Generic Drug Prescriptions Vary Across Regions

The generic fill rate was lowest in N.J. in 2004, highest in Oregon, Massachusetts and New Mexico

WEDNESDAY, Oct. 26 (HealthDay News) -- Generic drug use varies from state to state, and greater use of generic medicines could have saved $20 billion in 2004, according to a report released Tuesday by the pharmacy benefits management company Express Scripts, Inc.

Emily Cox, Ph.D., and colleagues examined generic drug use in six major drug therapy classes in 2004, among a random sample of about 3 million people.
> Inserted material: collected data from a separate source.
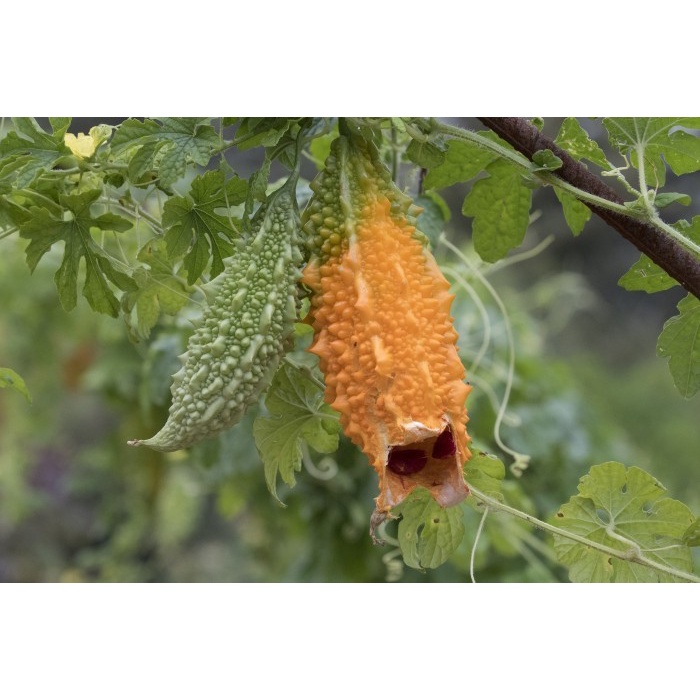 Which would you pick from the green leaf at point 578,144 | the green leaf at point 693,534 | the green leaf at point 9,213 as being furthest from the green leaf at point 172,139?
the green leaf at point 693,534

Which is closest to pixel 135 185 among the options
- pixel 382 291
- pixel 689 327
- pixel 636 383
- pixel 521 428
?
pixel 382 291

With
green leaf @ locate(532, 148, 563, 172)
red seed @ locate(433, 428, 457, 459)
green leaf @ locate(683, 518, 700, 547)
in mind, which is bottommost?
green leaf @ locate(683, 518, 700, 547)

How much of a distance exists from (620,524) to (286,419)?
431 millimetres

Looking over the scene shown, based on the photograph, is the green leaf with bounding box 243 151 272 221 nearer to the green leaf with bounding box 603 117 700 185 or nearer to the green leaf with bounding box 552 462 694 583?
the green leaf with bounding box 603 117 700 185

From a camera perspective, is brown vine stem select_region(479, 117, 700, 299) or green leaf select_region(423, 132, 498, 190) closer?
brown vine stem select_region(479, 117, 700, 299)

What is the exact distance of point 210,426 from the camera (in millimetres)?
915

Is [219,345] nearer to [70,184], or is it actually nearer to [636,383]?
[70,184]

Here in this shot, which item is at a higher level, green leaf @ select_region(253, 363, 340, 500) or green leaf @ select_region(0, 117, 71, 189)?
green leaf @ select_region(0, 117, 71, 189)

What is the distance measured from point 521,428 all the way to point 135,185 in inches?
71.6

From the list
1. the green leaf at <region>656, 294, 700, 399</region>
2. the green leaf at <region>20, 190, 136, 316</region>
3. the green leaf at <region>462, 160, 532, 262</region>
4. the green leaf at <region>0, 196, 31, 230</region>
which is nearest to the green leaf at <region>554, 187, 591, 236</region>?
the green leaf at <region>462, 160, 532, 262</region>

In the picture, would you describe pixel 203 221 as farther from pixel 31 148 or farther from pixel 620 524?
pixel 620 524

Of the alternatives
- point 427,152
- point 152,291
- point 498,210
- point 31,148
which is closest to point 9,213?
point 31,148

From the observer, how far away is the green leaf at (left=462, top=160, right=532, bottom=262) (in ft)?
3.94

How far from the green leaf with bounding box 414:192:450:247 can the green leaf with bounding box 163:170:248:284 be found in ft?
1.16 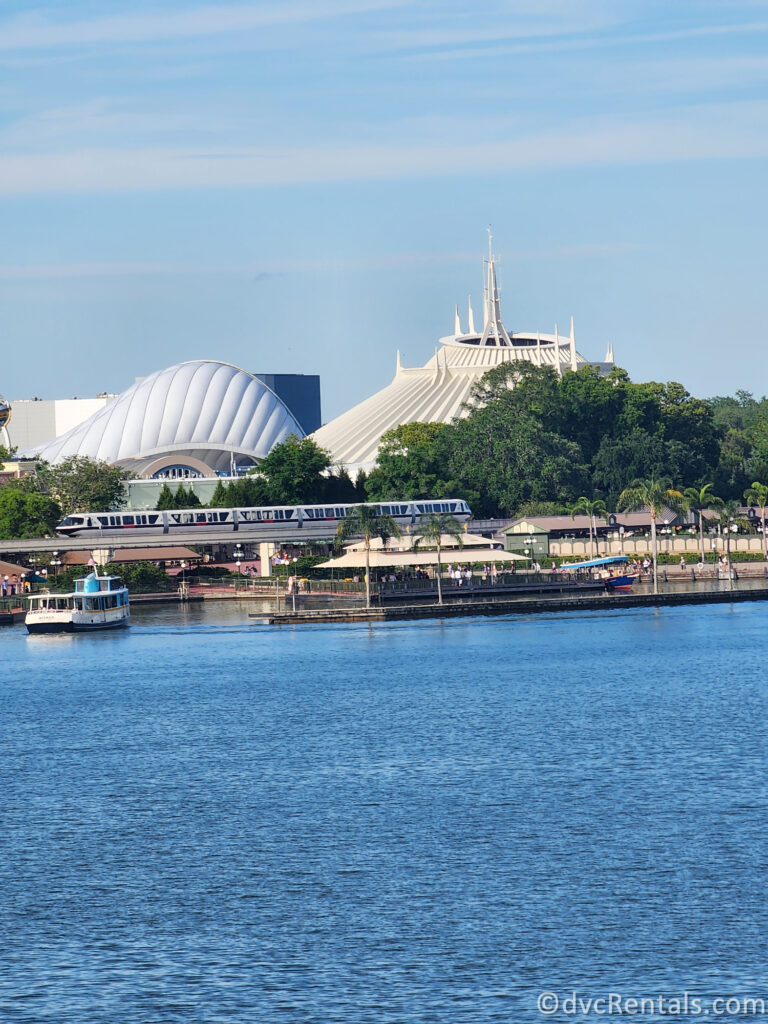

Overall, use of generics varied across regions. The generic fill rate (GFR) ranged from a low of 41% in New Jersey to a high of 56% in Oregon, Massachusetts and New Mexico. Massachusetts had the highest GFR for three of the six therapy classes, and New Jersey had the lowest GFR for four therapy classes.

The researchers estimate that prescribing more generic medications in the six drug classes could have saved $20 billion in 2004 across the United States. Generic gastrointestinal drugs offered the greatest savings at more than $5 billion a year. Only 31% of such drugs were filled with generic medicines.

"The savings opportunity for employers, state governments, unions and members from achieving higher GFRs is unprecedented," the authors write. Reaching these generic savings targets calls for greater recognition that generic drugs save money and encouraging greater use of generic alternatives, according to the report.